Когда все смешалось. "Богемская рапсодия" Брайана Сингера

Автор фото: kinopoisk.ru
Исполнителя главной роли Рами Малека, сыгравшего Фредди Меркьюри, "Золотой глобус" признал лучшим актером, а саму картину — "лучшим драматическим фильмом года". Байопик про Фредди Меркьюри — казалось бы, типичный фанатский фильм, который эксплуатирует энергию почитателей Queеn, а также подбрасывает дровишек в неугасаемый костер споров о том, "кто разрушил группу". Но именно предсказуемость трактовок и образов основных героев фильма в данном случае вовсе не вредит, а даже наоборот.
Тут, вероятно, срабатывает что–то бессознательное: зритель уже достаточно настрадался от противоречивых историй без финала, от перемешавшихся добра и зла, конца личности и истории. И поэтому, когда вдруг видишь на экране рассказанную без прикрас "историю успеха 1970–х", первый час завороженно смотришь на экран — просто удивляясь тому, что такие фильмы до сих пор возможны. Да, Малек тут "дает гения", который заранее видит свое будущее — даже в момент, когда работает грузчиком. Да, расчетливые продюсеры не дают состояться хорошей песне, но герои бросают продюсера и побеждают. Да, плохие люди влияли на Меркьюри, но в итоге он разобрался и вернулся к хорошим. Все тут напоминает синопсис статьи в каком–нибудь развлекательном журнале 2000–х годов. Но есть и еще кое–что неконтролируемое — то, что называется феномен 1970–х.

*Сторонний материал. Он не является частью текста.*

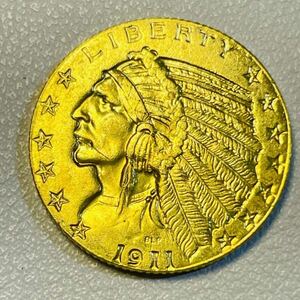 アメリカ 硬貨 古銭 インディアン人像 1911年 イーグル リバティ ドル 記念幣 コイン 重4.53g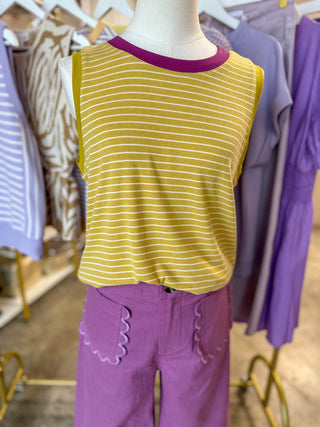 Mustard Retro Stripe Tank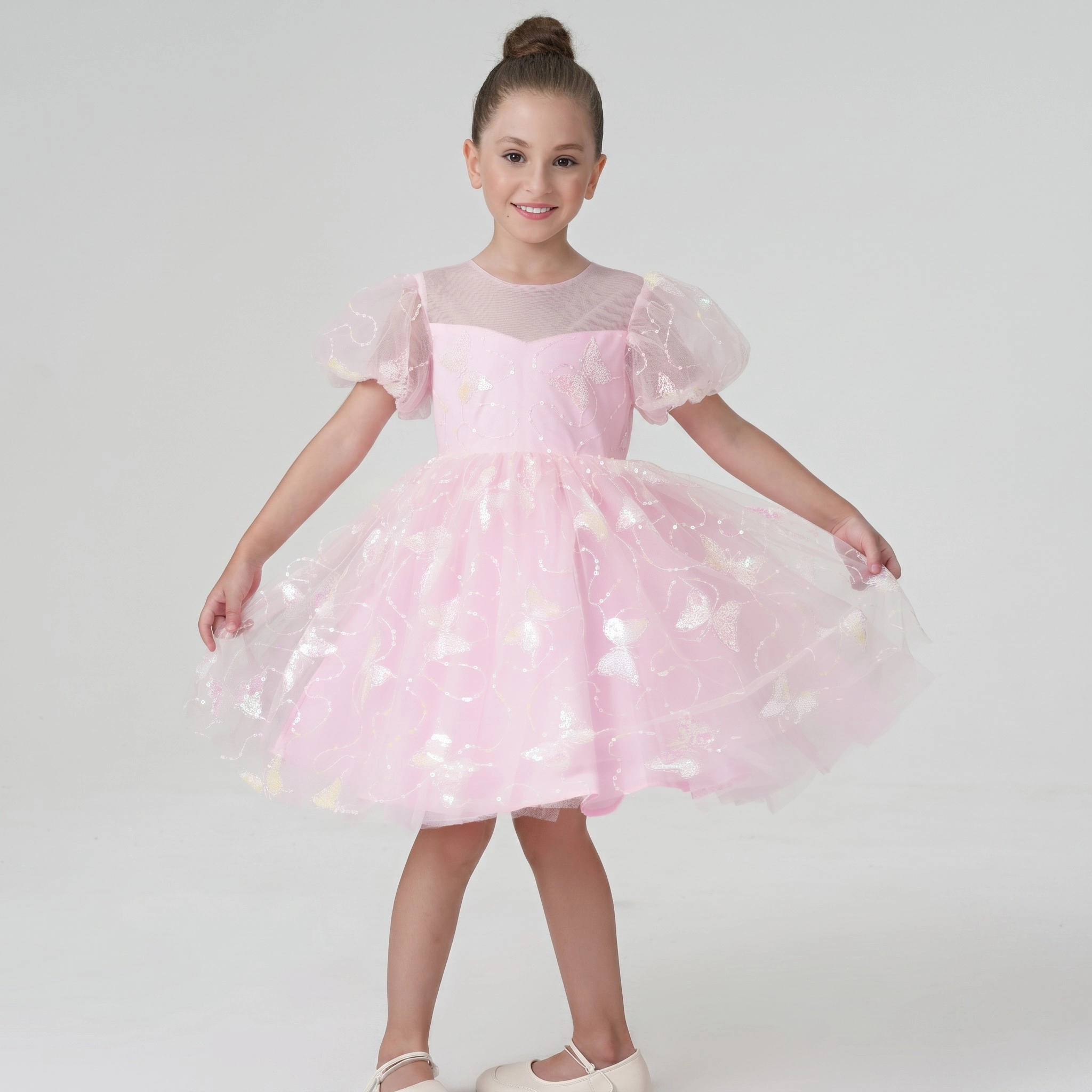 2Bunnies Girls' 3T-8Y Sparkly Butterfly Sequin Embellished Tulle Birthday Party Dress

Именно тогда, напомним, слово "постмодерн" стало определяющим. И если смотреть фильм под этим углом, сквозь призму существования одной, пусть и великой группы, то вдруг понимаешь — что же тогда случилось такого, что люди в широком смысле "потеряли себя" и до сих пор не могут найти. Лихой, схематичный пересказ эпохи вдруг помогает увидеть как бы сердцевину, суть нового времени и те масштабные перемены, которые в культуре первыми и отразились.
Это может показаться смешным, но именно благодаря фильму понимаешь, как, в какой момент истории закончился, собственно, "рок"; когда все определения, жанровые рамки и — шире — все культурные конвенции перестали иметь значение, и стало "все позволено", и началось вавилонское смешение "всего со всем".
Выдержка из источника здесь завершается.